\section{Related Work}
\label{related_work}

\textbf{Certified Defenses.} Certified defenses aim to guarantee that an adversary does not exist in a certain region around a given input. Certified defenses can be divided into exact \citep{cheng2017maximum,lomuscio2017approach,huang2017safety,ehlers2017formal} and relaxed certification \citep{salman2019convex, wong2018provable}. Generally, exact certification suffers from poor scalability with networks that are at most 3 hidden layers deep \citep{tjeng2017evaluating}. On the other hand, relaxed methods resolve this issue by aiming at finding an upper bound to the worst adversarial loss over all possible bounded perturbations around a given input \citep{weng2018towards}. However, the latter is too expensive for any mixed certification-training routine. 

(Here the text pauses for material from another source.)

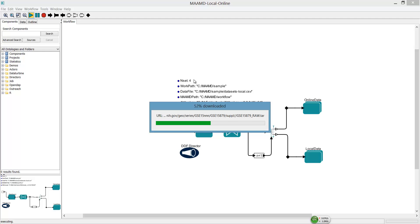Once it's finished downloading, MAMD will start to analyze the first dataset.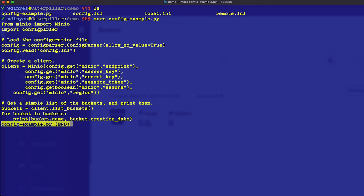From this, I'm creating a client. I'm doing a config GET for the endpoint, the access key, secret key, and any session token if there is one. I am also handling security and getting a region if I have one. I don't have to fill in all of those values, just the ones that I need. Then I'm just getting a list of buckets available on whatever server I've connected to.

\textbf{Randomized Smoothing.} %Randomized smoothing is a recent probabilistic approach to certification. 
The earliest work on randomized smoothing \citep{lecuyer2019certified} was from a differential privacy  perspective, where it was demonstrated that adding Laplacian noise enjoys an $\ell_1$ certification radius in which the average classifier prediction under this noise is constant. This work was later followed by the tight $\ell_2$ certificate radius for Gaussian smoothing \citep{cohen2019certified}. Since then, there has been a body of work on randomized smoothing with empirical defenses \citep{salman2019provably} to certify black box classifiers \citep{salman2020black}. Other works derived certification guarantees for $\ell_1$ bounded \citep{teng2019ell_1}, $\ell_\infty$ bounded \citep{zhang2019filling}, and $\ell_0$ bounded \citep{levine2020robustness} perturbations. Even more recently, a novel framework that finds the optimal smoothing distribution for a given $\ell_p$ norm \citep{yang2020randomized} was proposed showing state-of-art certification results on $\ell_1$ perturbations. We deviate from the common literature by introducing the notion of smoothing, particularly Gaussian smoothing for $\ell_2$ perturbations, which varies depending on the input. In particular, since an input $x$ that is far from the decision boundaries should tolerate larger smoothing (and equivalently have a larger certification radius) as compared to inputs closer to these boundaries, we optimize for the amount of smoothing per input (specifically $\sigma_x$) that maximizes the certification radius. This proposed process is denoted as \emph{data dependent smoothing} where we provide a procedure for certifying the resultant smooth classifier.


% \BG{similar to the intro, we have to give a clear justification of  why we expect that making it data dependent will be better}